Governor of the Bank of Ghana
- Incumbent
- Assumed office February 2025
- Preceded by: Ernest Addison

Personal details
- Born: May 5, 1968 (age 58) Ghana
- Education: University of Southampton
- Occupation: Central banker
- Profession: Economist

= Johnson Pandit Asiama =

Ghanaian economist and central banker

Johnson Pandit Asiama is a Ghanaian economist and central banker who became Governor of the Bank of Ghana in February 2025. He previously served in senior roles at the Bank of Ghana, including Second Deputy Governor.

== Early life and education ==

Asiama holds a PhD in economics from the University of Southampton. He is from Kpalime Duga in Ghana’s Volta Region.

== Career ==

Asiama has held various senior positions at the Bank of Ghana prior to his appointment as Governor. His work has focused on monetary policy formulation, financial sector regulation, and financial stability management.

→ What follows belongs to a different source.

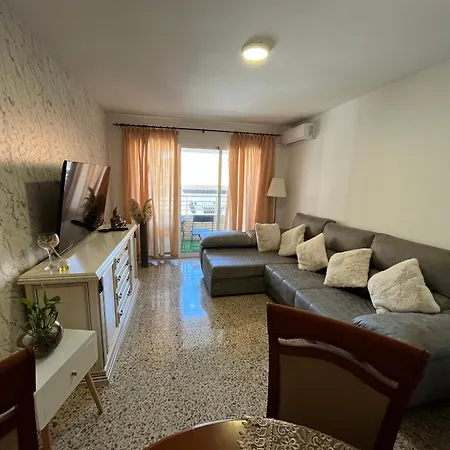 Matrimonio En Piso Compartido - Playa Del Cura - Nr 2 トレビエハ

He has been associated with the Bank’s Monetary Policy Committee and has participated in decisions relating to interest rate policy and inflation management. Asiama has worked at the Bank of Ghana for over two decades in roles related to research, banking supervision, and monetary policy. He served as Second Deputy Governor between April 2016 and January 2018.

== Governorship of the Bank of Ghana ==

He has commended on the performance of Ghana’s banking sector and macroeconomic outlook. Asiama has also addressed issues relating to currency stability and monetary policy management. He has highlighted the role of media engagement in economic communication and discussed the licensing of non-interest banking in Ghana.

Asiama was appointed Governor of the Bank of Ghana in February 2025, succeeding Ernest Addison. His tenure has included oversight of monetary policy, banking sector regulation, and financial stability measures.

He has addressed issues relating to enforcement of foreign exchange regulations and financial sector reforms.

As Governor of the Bank of Ghana, Asiama has been involved in banking sector reforms aimed at strengthening financial stability.

== Legal matters ==

Prior to his appointment as governor, Asiama was involved in legal proceedings relating to Ghana’s banking sector crisis. In January 2025, the attorney-general discontinued the case.